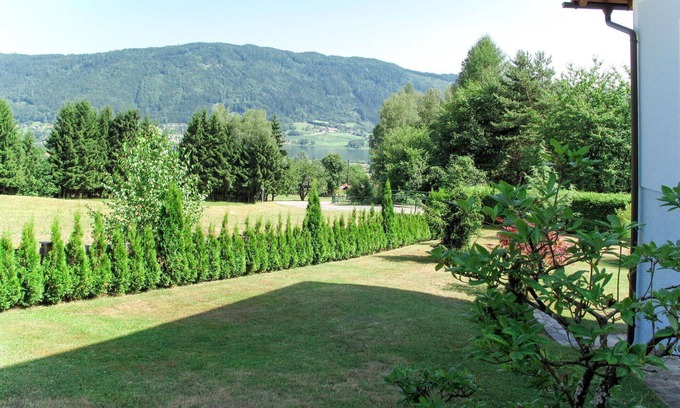 Tschoran Apartment | Cosy apartment for 5 people with TV, terrace and parking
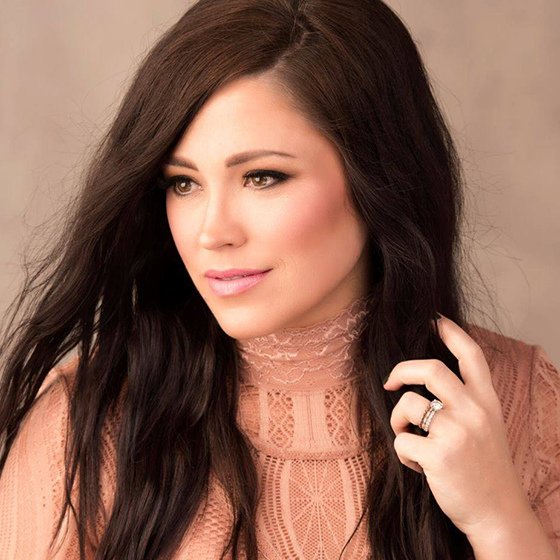 Kari Jobe.jpg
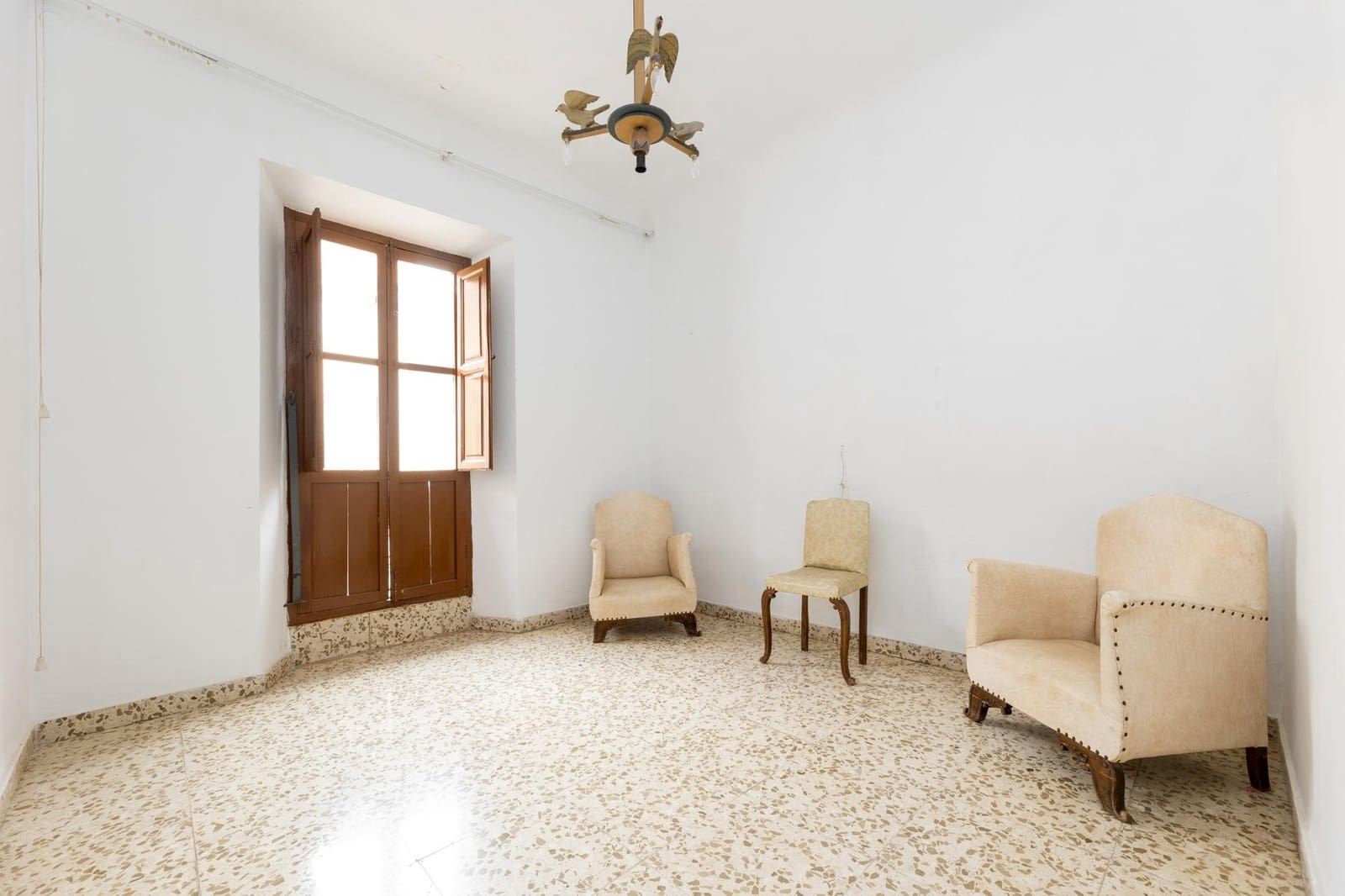 7 soveværelse Byhus til salg i Padul - € 185.000 (Ref: 9386251)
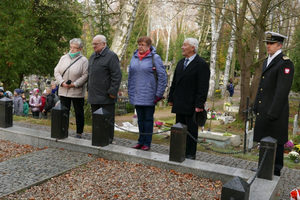 Kwiaty na mogiłach żołnierzy 1 MPS  i Sztutowiaków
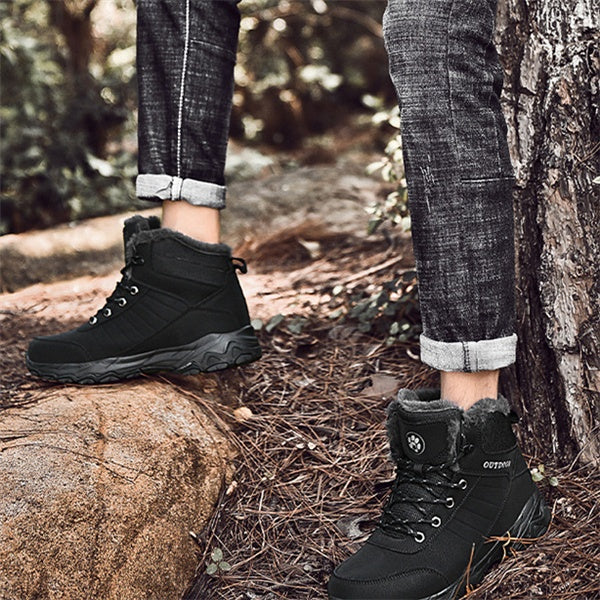 Warm and velvet booties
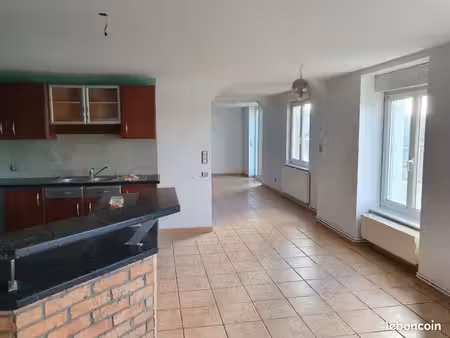 appartement 3 chambres et 2 bureaux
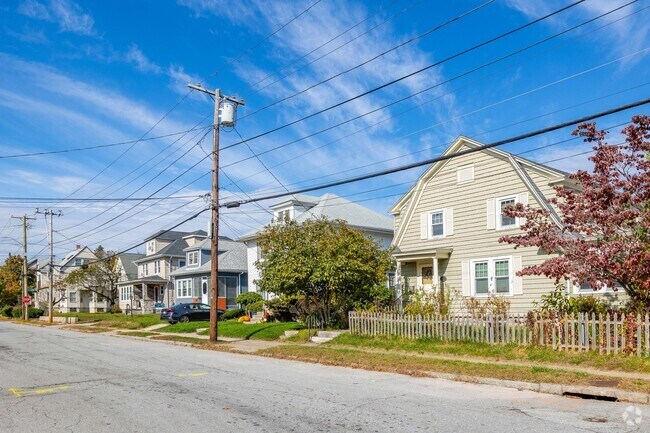 From Dutch Colonial to traditional New Englannd style homes, Auburn has a home for everyone.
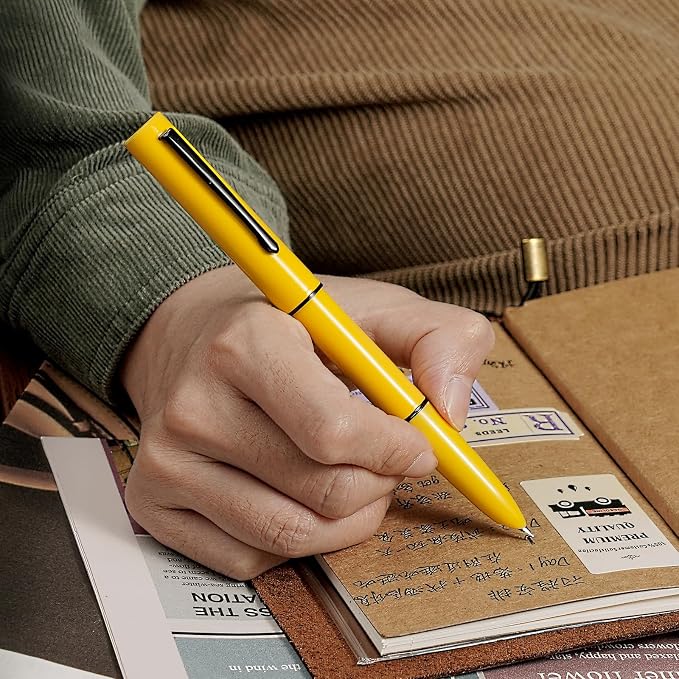 HONG DIAN C1 Fountain Pen Extra Fine Nib, Lemon Yellow & Classic Retro Design Metal Pen with Ink Converter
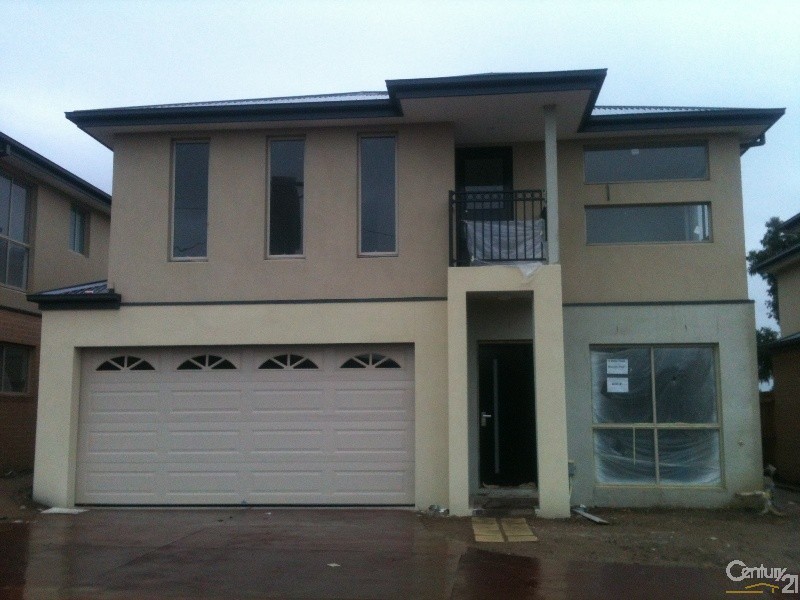 3/19 Keller Court, Hampton Park VIC 3976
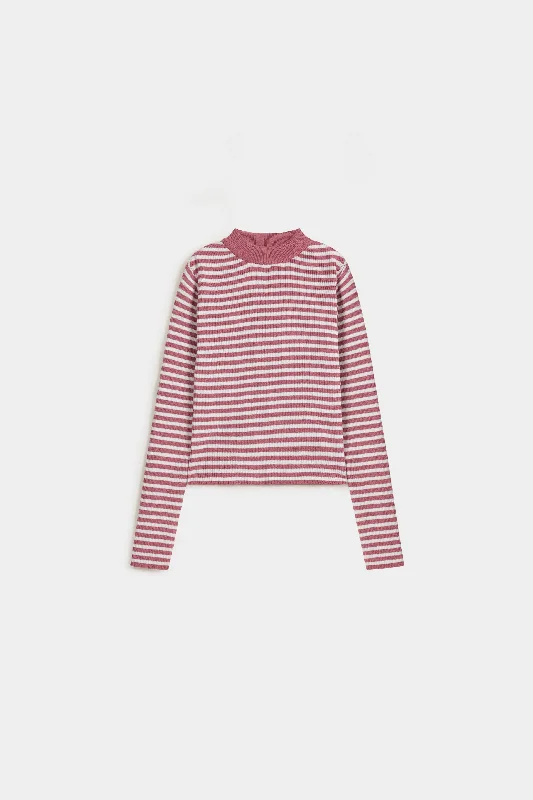 High-Fashion Knit TopsStriped Super Cropped Sweater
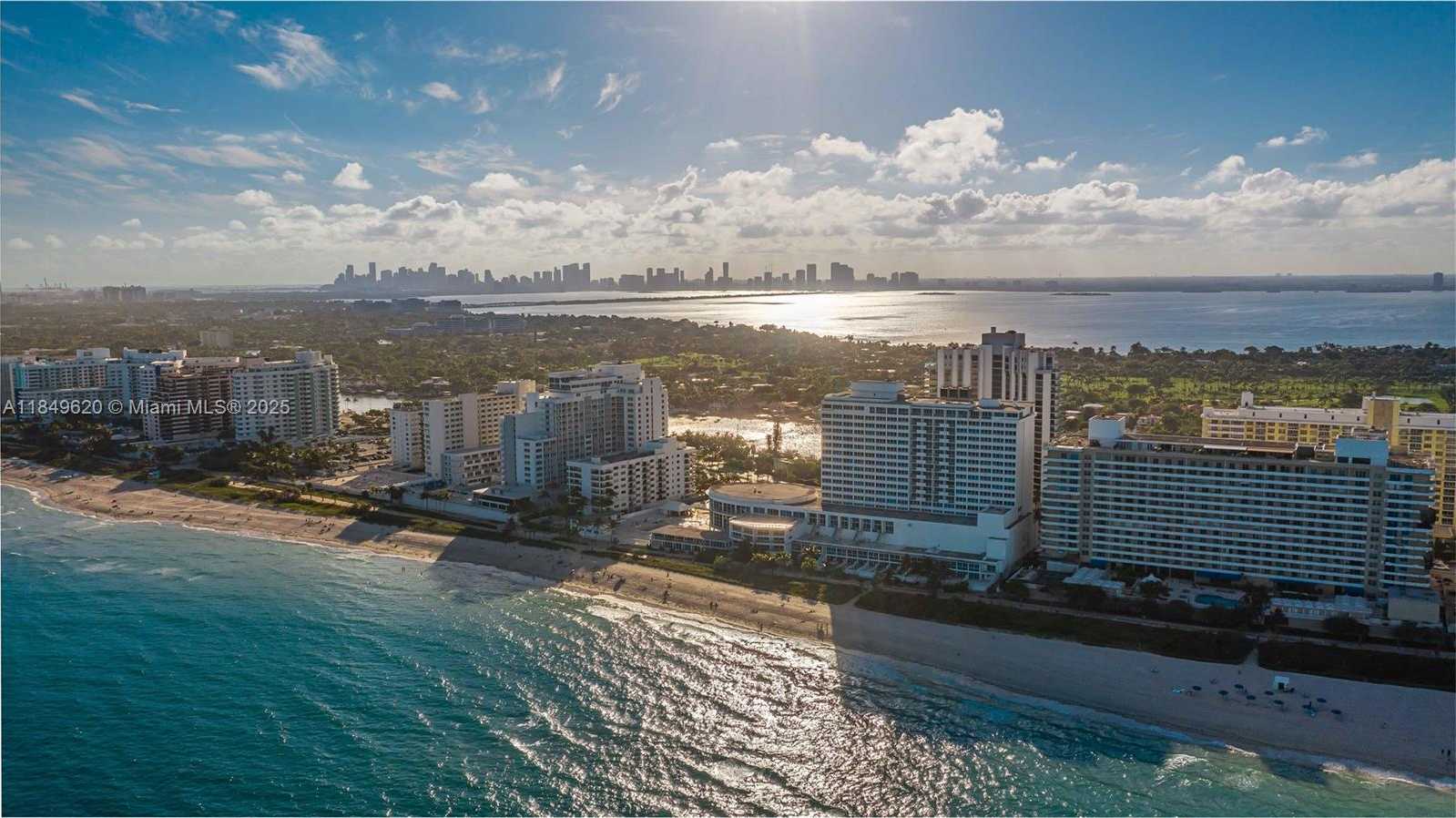 Small Image of 5555 COLLINS AVE #17S, Miami Beach Number 19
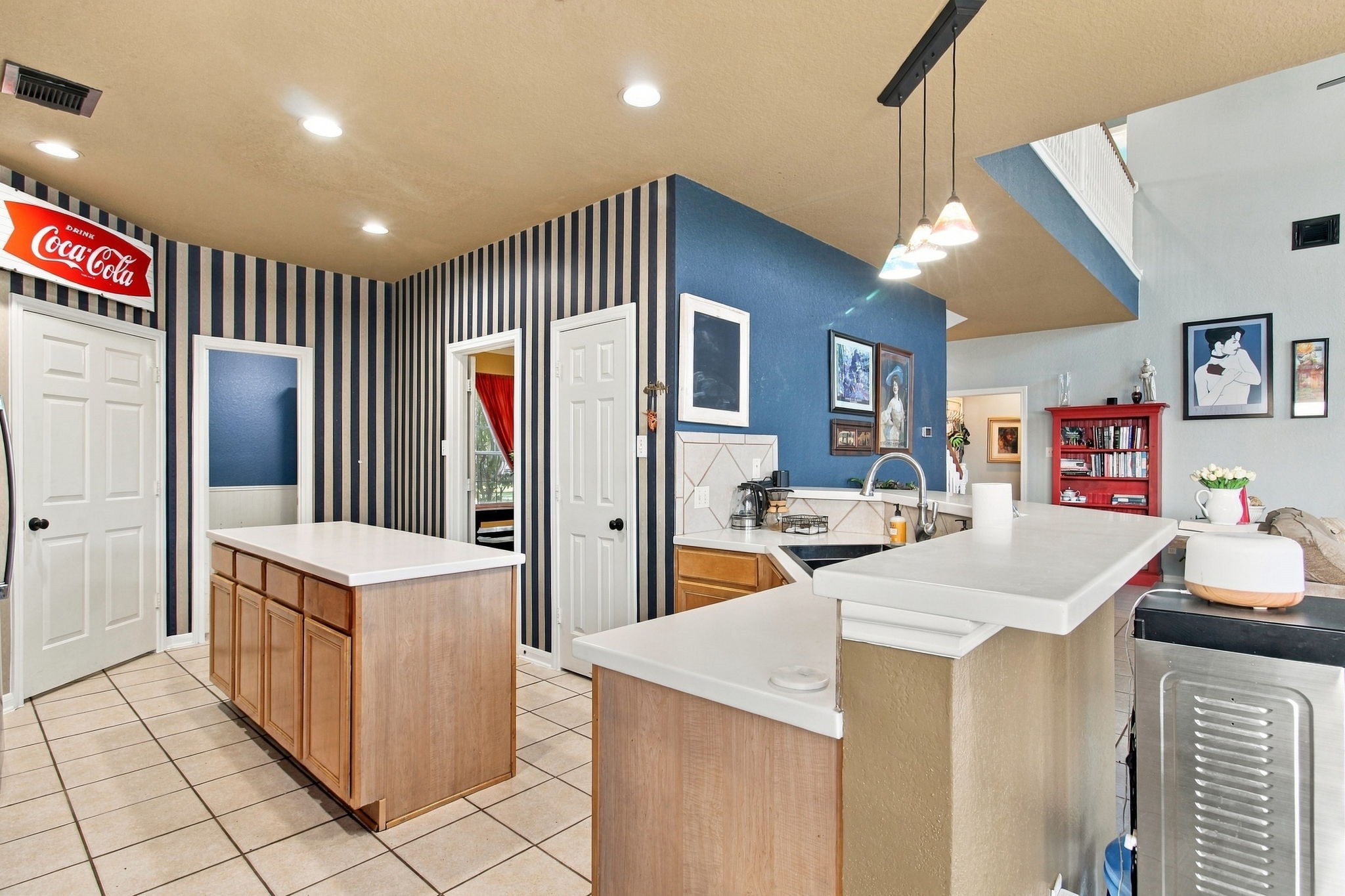2922 Marble Falls Drive Property Photo 8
• • • •
All lines above are to be restated word for word, with pictures excluded.

**RESULT FOR THIS TASK**
 Tschoran Apartment | Cosy apartment for 5 people with TV, terrace and parking
 Kari Jobe.jpg
 7 soveværelse Byhus til salg i Padul - € 185.000 (Ref: 9386251)
 Kwiaty na mogiłach żołnierzy 1 MPS  i Sztutowiaków
 Warm and velvet booties
 appartement 3 chambres et 2 bureaux
 From Dutch Colonial to traditional New Englannd style homes, Auburn has a home for everyone.
 HONG DIAN C1 Fountain Pen Extra Fine Nib, Lemon Yellow & Classic Retro Design Metal Pen with Ink Converter
 3/19 Keller Court, Hampton Park VIC 3976
 High-Fashion Knit TopsStriped Super Cropped Sweater
 Small Image of 5555 COLLINS AVE #17S, Miami Beach Number 19
2922 Marble Falls Drive Property Photo 8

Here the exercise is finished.